This is the mail archive of the gcc-patches@gcc.gnu.org mailing list for the GCC project.


Index Nav: [Date Index] [Subject Index] [Author Index] [Thread Index]
Message Nav: [Date Prev] [Date Next] [Thread Prev] [Thread Next]
Other format: [Raw text]

Re: [PATCH] Add working-set size and hotness information to fdo summary (issue6465057)


On Tue, Aug 21, 2012 at 11:18 PM, Jan Hubicka <hubicka@ucw.cz> wrote:
>> On Tue, Aug 21, 2012 at 6:56 PM, Jan Hubicka <hubicka@ucw.cz> wrote:
>> >> > I can go ahead with the histogram approach. There is some roundoff
>> >> > error from the working set scaling approach that can affect different
>> >> > merging orders as you note, although I think this only really affects the
>> >> > small counter values.
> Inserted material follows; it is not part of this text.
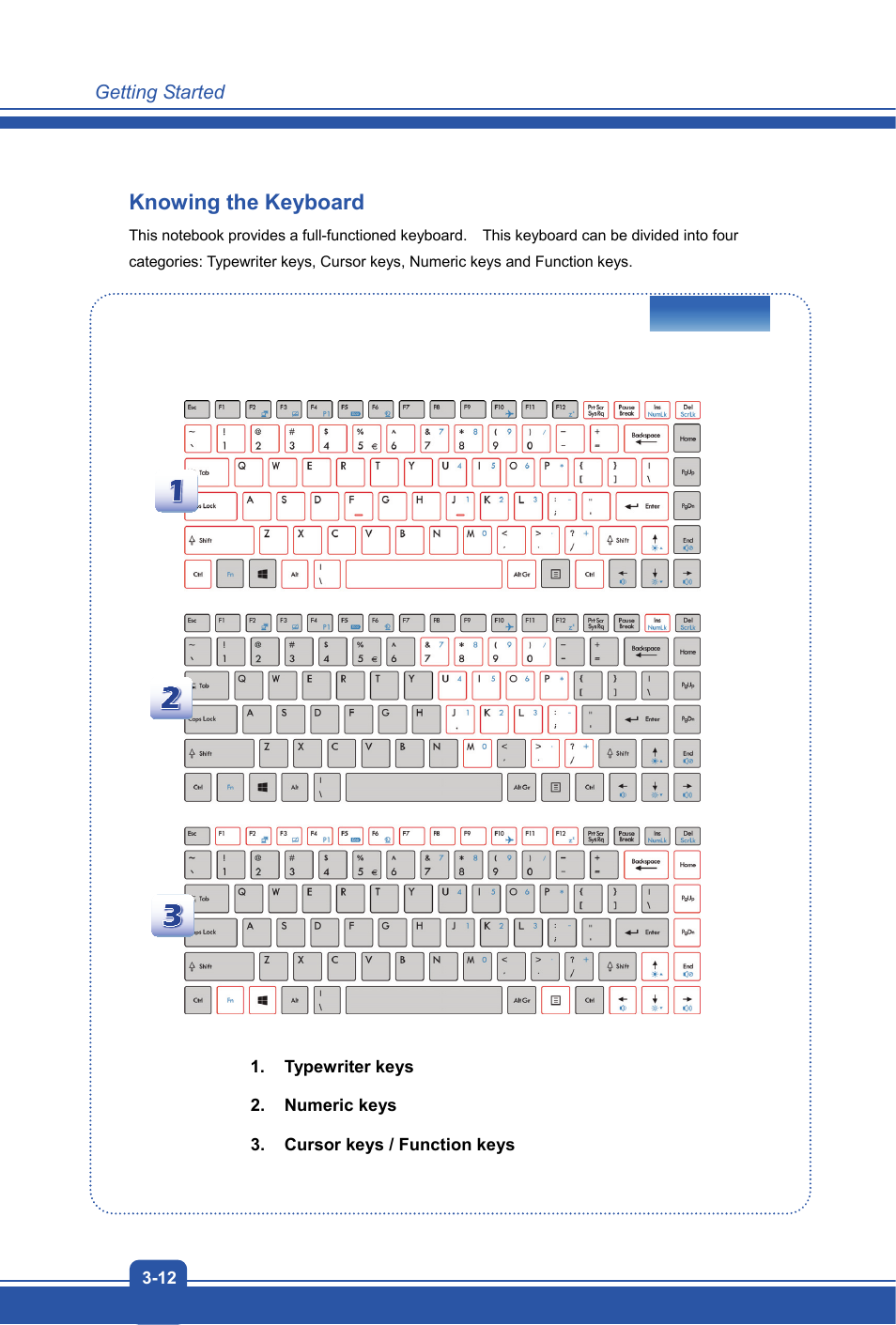 Knowing the keyboard | MSI S12T User Manual | Page 34 / 46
The other place where saving/merging the histogram
>> >
>> > Do you have any intuition on why simple maximalization merging (that is safe wrt
>> > ordering) would be bad idea?
>>
>> When you say "maximalization merging" are you talking about the
>> histogram merging approach I mentioned a few emails back (my response
>> on Aug 19) where we assume the same relative order of hotness in the
>> counters between runs, and accumulate the counter values in the
>> histogram in that order?
>
> I was speaking of BB (counter) counts only here and considering the simplest
> strategy: maximalize the BB counts in corresponding buckets and sum the cummlative
> values in the corresponding buckets.

I'm concerned about inaccuracies arising when multiple runs have
different sizes and therefore counters are in different buckets in the
corresponding histograms. We would end up in a situation where the
merged histogram has more "counters" in it than there are actual
counters in the program.

>
> The strategy of scaling is more sensible, but it will also be sensitive to order
> of train runs, i.e. it will give unstable results with parallel make.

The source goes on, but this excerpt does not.